BATICという資格を知っていますか?おそらく知名度はかなり低いこのBATICは一言で言うなら「英語版簿記検定」です。
英語力と会計力をダブルで証明できる素敵な資格ですが、気になるのはその知名度。
せっかく頑張って資格取得しても誰も知らなければただの自己満足で終わってしまいます。
当記事ライターは日本企業の現役経理マン。BATIC最上位ランクのコントローラーを取得しています。
しかし、経理部内では他にBATIC有資格者はおらず(申告していないだけかも)、特に会話でその名が出たこともありません。
もちろん、社内でBATICの資格取得推奨も資格表彰もありません。(もちろん、簿記検定は推奨も表彰もされます)
私自身が個人的にBATICの知名度についてヒアリングアンケートしてみた結果をまとめます。

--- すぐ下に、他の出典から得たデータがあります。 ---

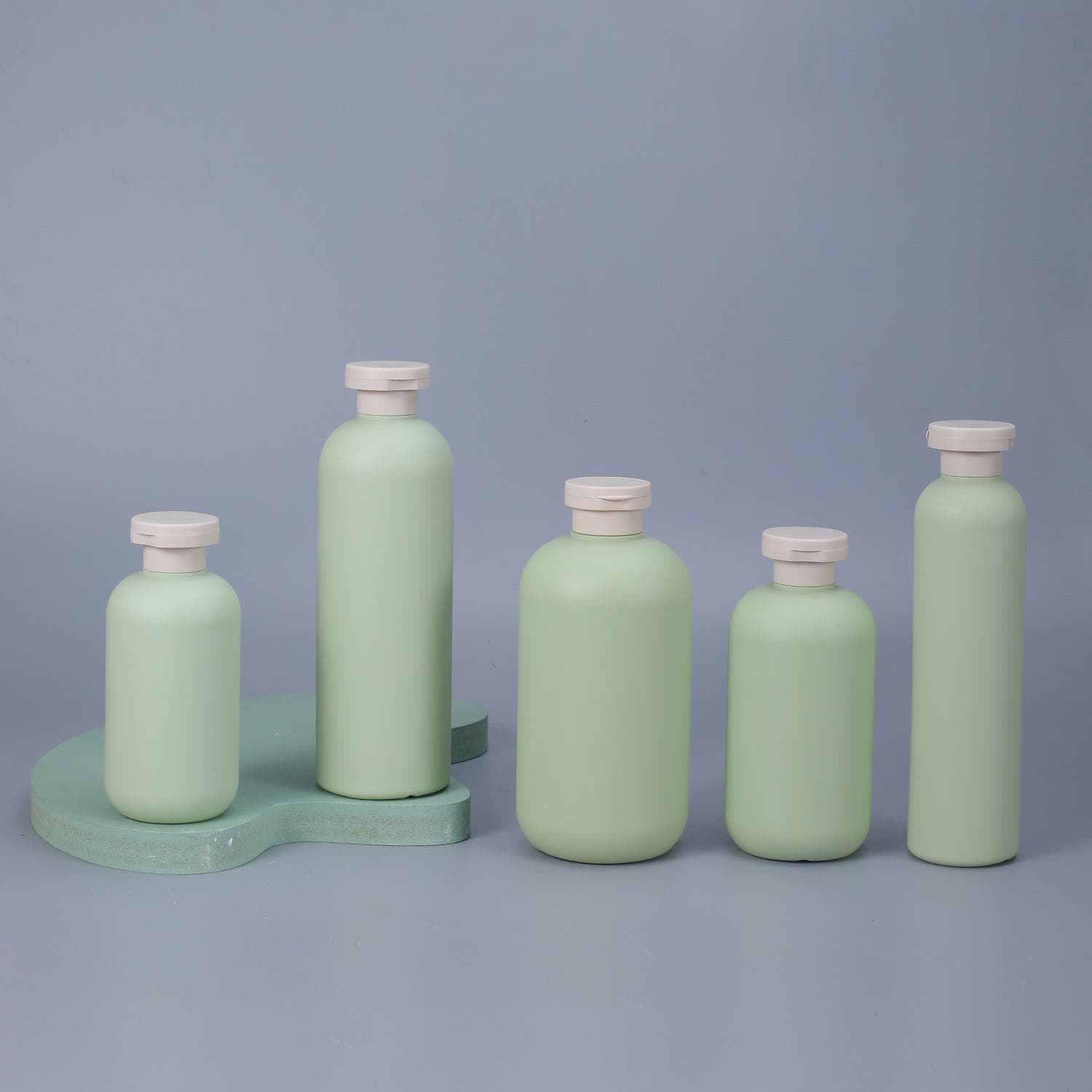 Cross-border bestseller lotion dispenser bottle 300ml avocado body wash bottle, Morandi travel-size shampoo and body wash dispenser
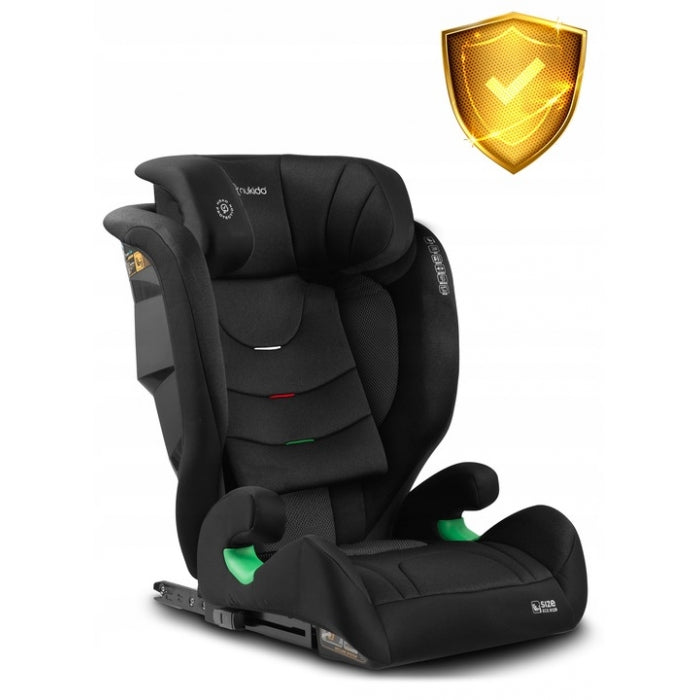 Scaun auto cu ISOFIX Nukido Louis Soft, Grupa 100-150 cm (15-36 Kg), i-Size, omologare R129 - Negru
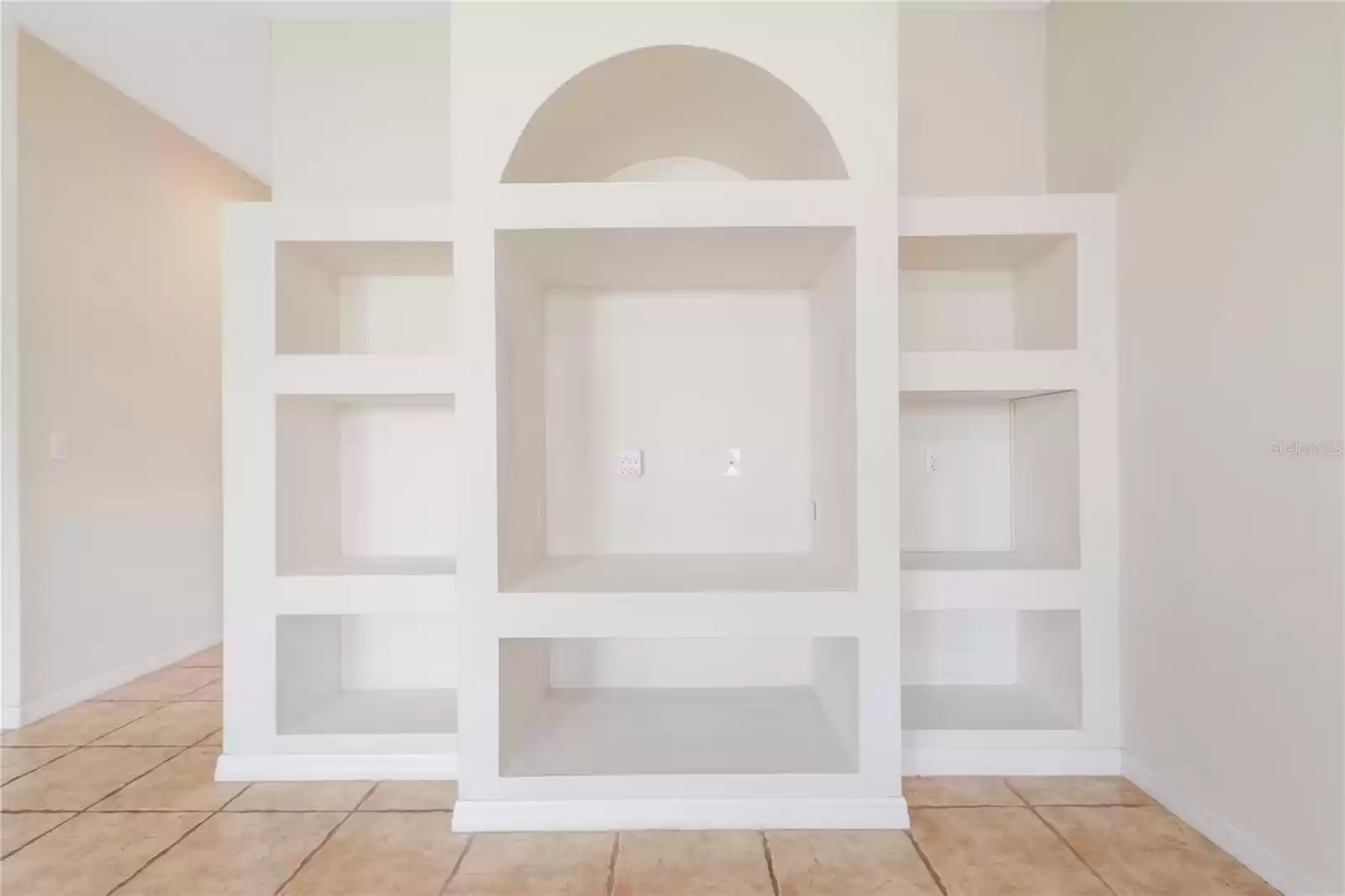 Shelving in the living room/family room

これからBATIC受験を考えている人は参考にしてみてください。
Contents
そもそも私自身、BATICを知らなかった。
ヒアリングアンケート結果の前提として、私自身も受験前はBATICという資格を知りませんでした。
BATICを取得しようと思ったキッカケは以下のような感じ。
・何か会計資格を取りたいが日商簿記1級は難しすぎてちょうど良い資格が欲しかったから。(日商簿記2級は取得済み)
・海外取引が増え、英語の請求書処理が増えた。
・もし将来転職を考えたときに有利になるように資格が欲しいから。
・外資系企業で働く経理職の友人からBATICを教えてもらったから。
・友人のキャリアアドバイザーに聞いても「経理にも英語力が求められる」と聞いたから。
必要に駆られてBATIC受験を考えたワケではなく、何となくゆるい感じで受験を決めました。
一応経理マンなので何となくBATICの資格名は聞いたことがあったような気がしましたが、深くは知りませんでした。
「BATICを知らないなんて自分だけなのか?」そう思ってヒアリング開始してみました。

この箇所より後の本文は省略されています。